» SUPPLIED INFORMATION:
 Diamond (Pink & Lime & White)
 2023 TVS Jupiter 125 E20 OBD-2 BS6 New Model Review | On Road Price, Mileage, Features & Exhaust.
* * *
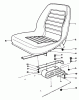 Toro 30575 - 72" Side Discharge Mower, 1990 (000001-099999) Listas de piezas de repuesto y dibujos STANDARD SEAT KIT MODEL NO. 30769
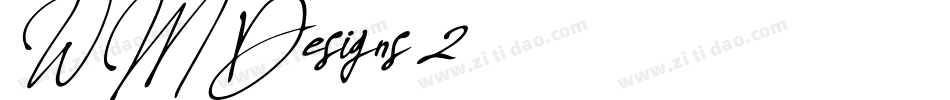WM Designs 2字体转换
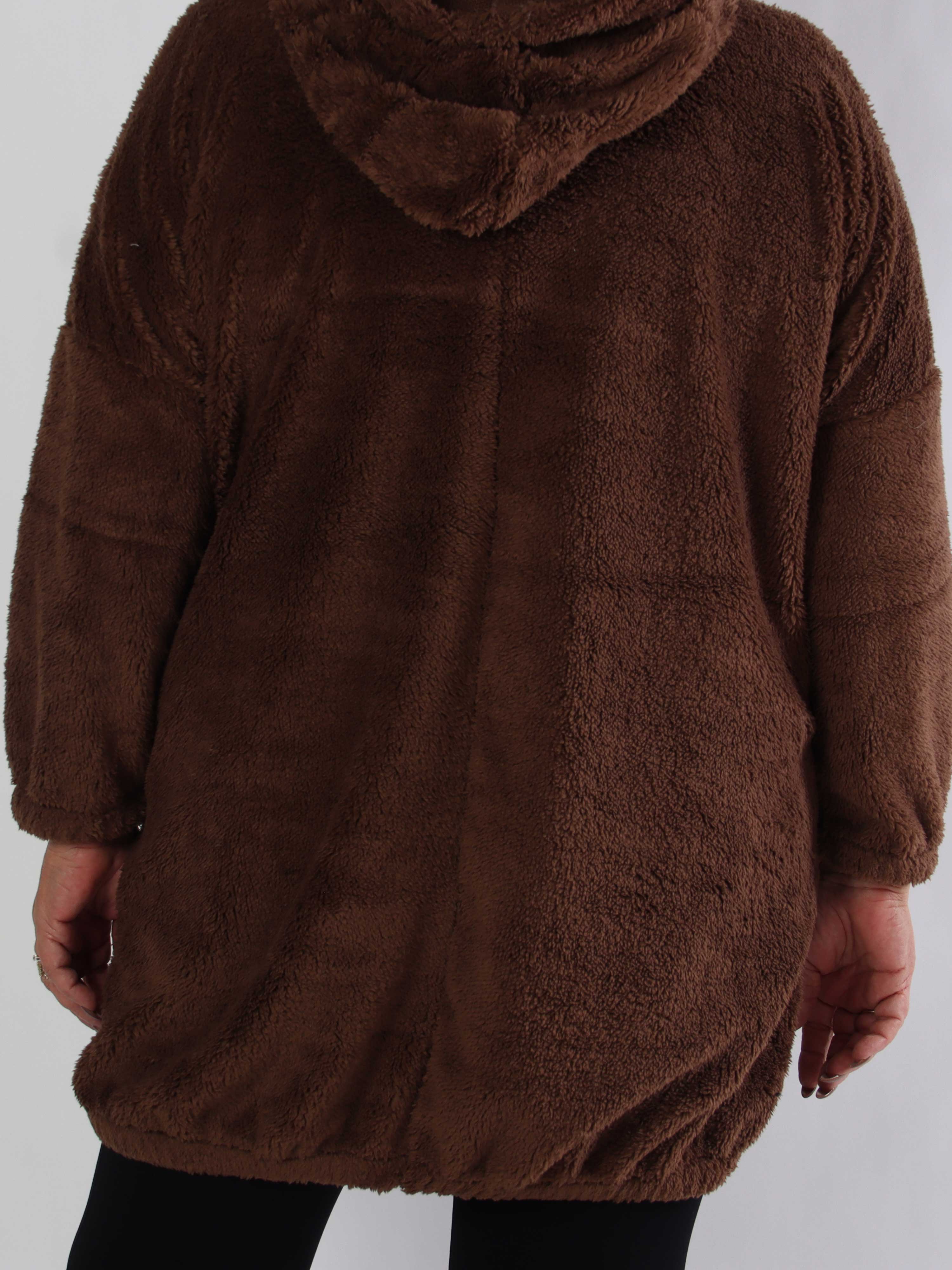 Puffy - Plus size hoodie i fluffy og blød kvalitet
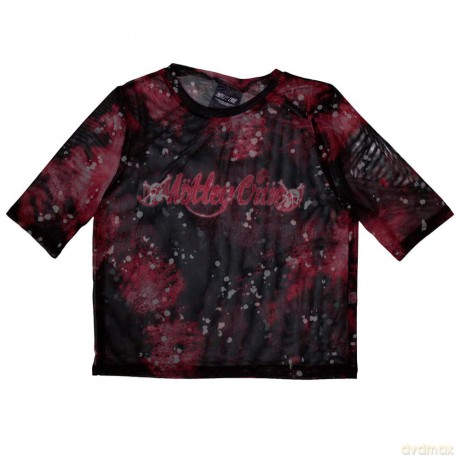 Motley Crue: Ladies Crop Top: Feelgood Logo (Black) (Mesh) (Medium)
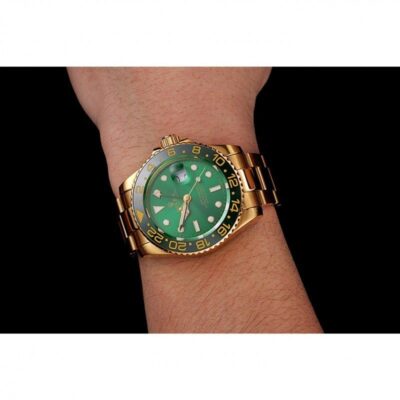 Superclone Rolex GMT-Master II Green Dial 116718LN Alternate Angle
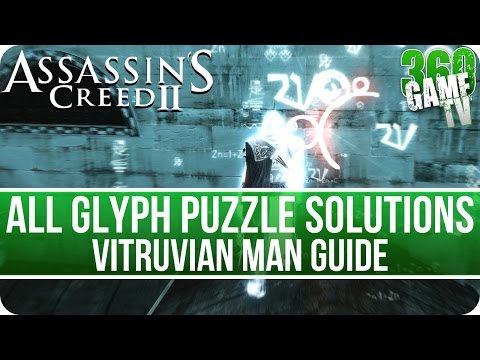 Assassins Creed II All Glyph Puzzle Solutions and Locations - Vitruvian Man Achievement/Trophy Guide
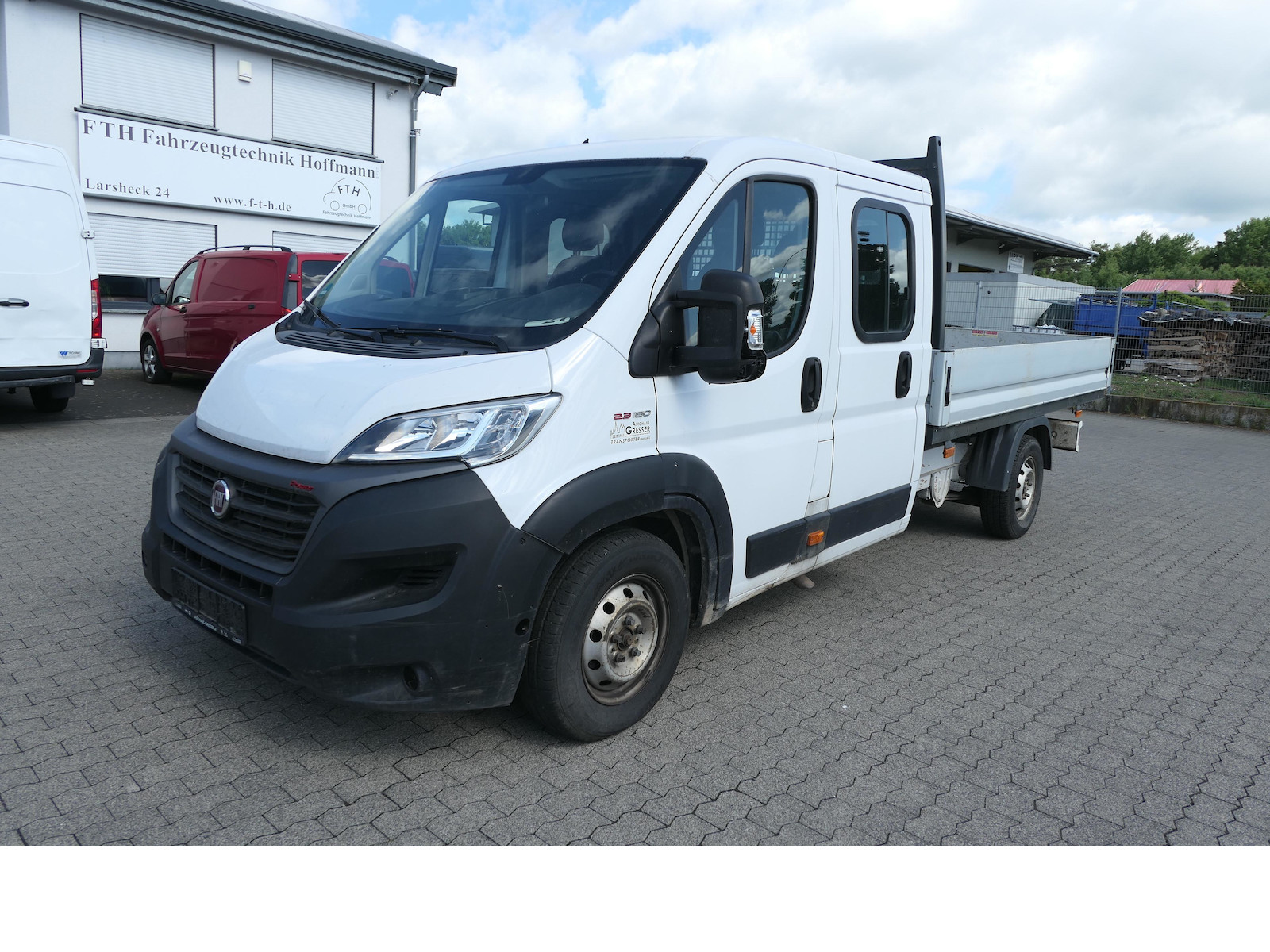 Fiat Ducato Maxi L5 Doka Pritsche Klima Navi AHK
==
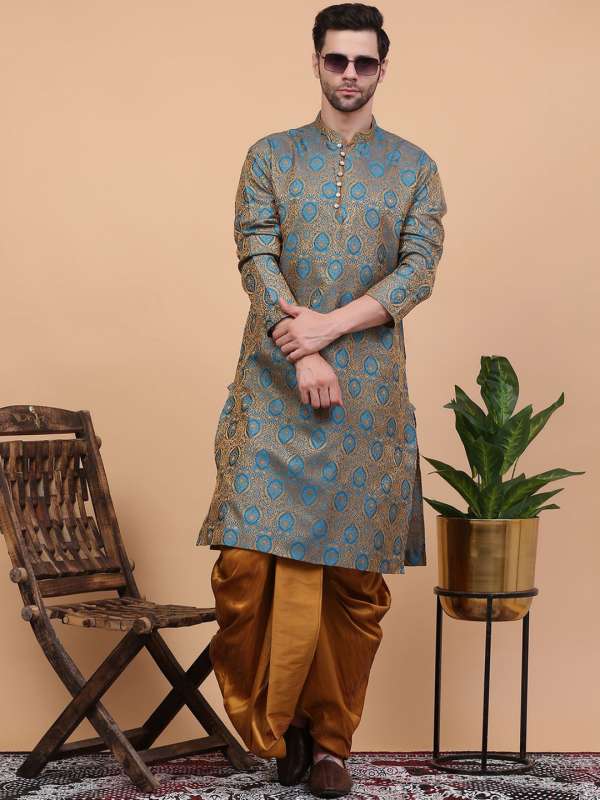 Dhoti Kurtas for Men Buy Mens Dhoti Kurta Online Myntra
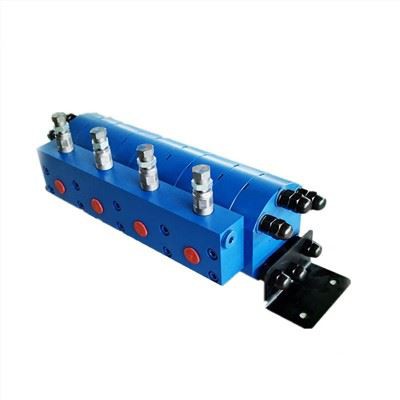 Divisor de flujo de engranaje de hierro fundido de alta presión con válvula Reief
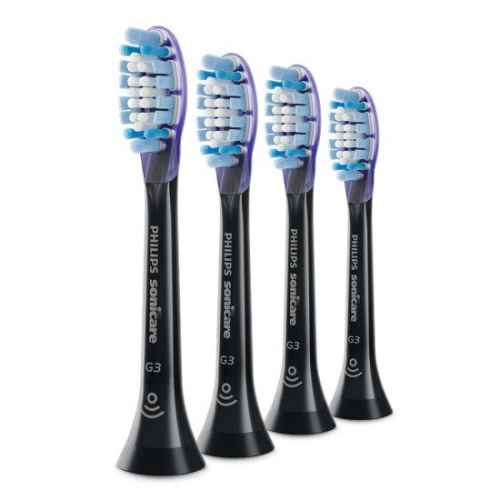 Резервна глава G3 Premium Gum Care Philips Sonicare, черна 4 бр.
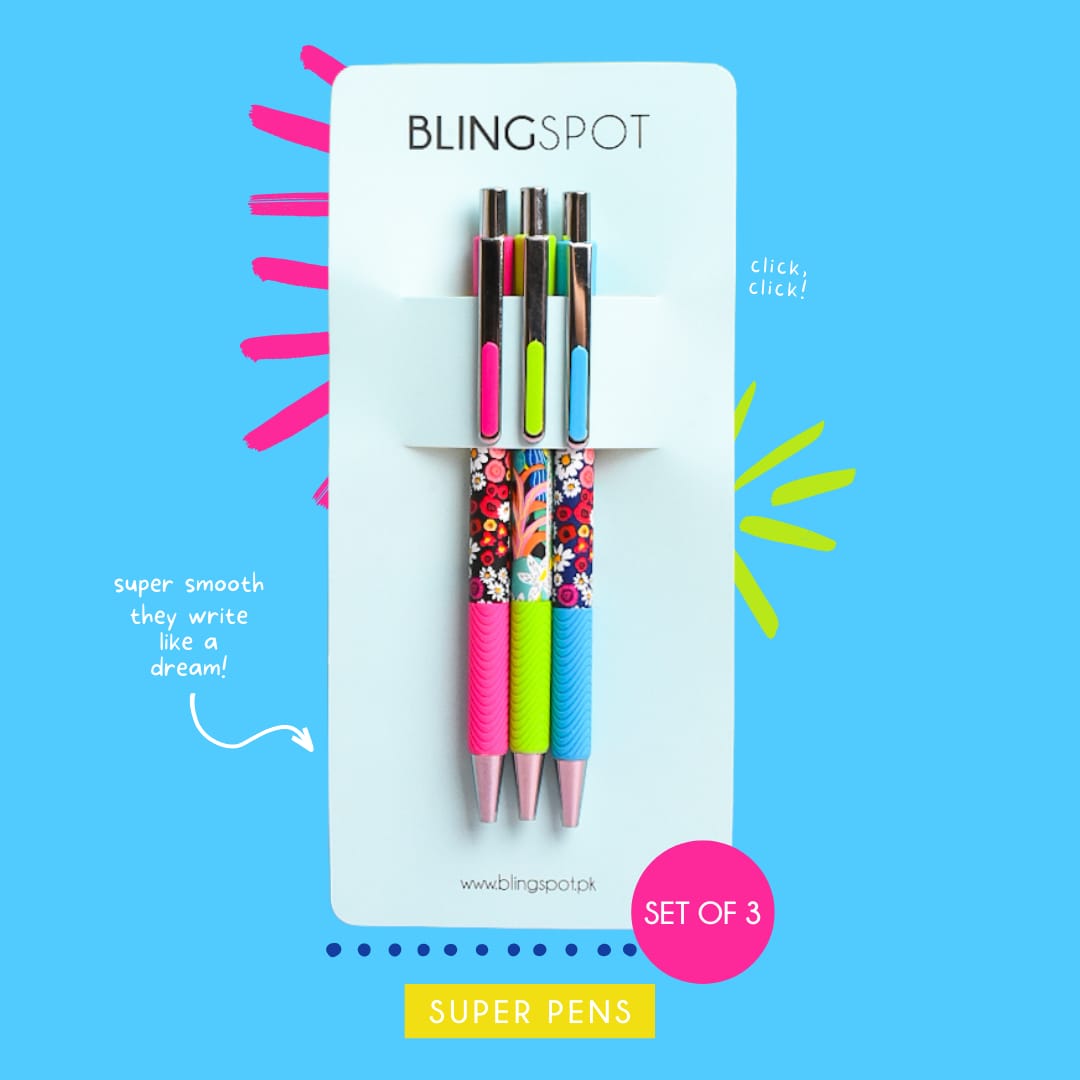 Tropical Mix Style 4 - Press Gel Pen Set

» WHAT THE TASK REQUIRES: Restate the lines above from the one containing "Motley Crue: Ladies" through the one containing "Fiat Ducato Maxi", inclusive, exactly and without pictures.

» RESPONSE TO THIS EXERCISE:
 Motley Crue: Ladies Crop Top: Feelgood Logo (Black) (Mesh) (Medium)
 Superclone Rolex GMT-Master II Green Dial 116718LN Alternate Angle
 Assassins Creed II All Glyph Puzzle Solutions and Locations - Vitruvian Man Achievement/Trophy Guide
 Fiat Ducato Maxi L5 Doka Pritsche Klima Navi AHK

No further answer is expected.